▶ [What you will do]:
The data below holds a line containing "Höjdkorg rund m hjärta och tygduk" and a line containing "Фрезер DeWALT 9000"; please quote exactly those two lines and every line between them, and nothing else.

▶ [The data]:
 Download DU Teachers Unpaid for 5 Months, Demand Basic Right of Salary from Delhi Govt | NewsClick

...

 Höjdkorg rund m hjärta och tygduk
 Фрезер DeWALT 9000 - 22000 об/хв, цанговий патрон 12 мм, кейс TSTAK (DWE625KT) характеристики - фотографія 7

▶ [Exercise response]:
 Höjdkorg rund m hjärta och tygduk
 Фрезер DeWALT 9000 - 22000 об/хв, цанговий патрон 12 мм, кейс TSTAK (DWE625KT) характеристики - фотографія 7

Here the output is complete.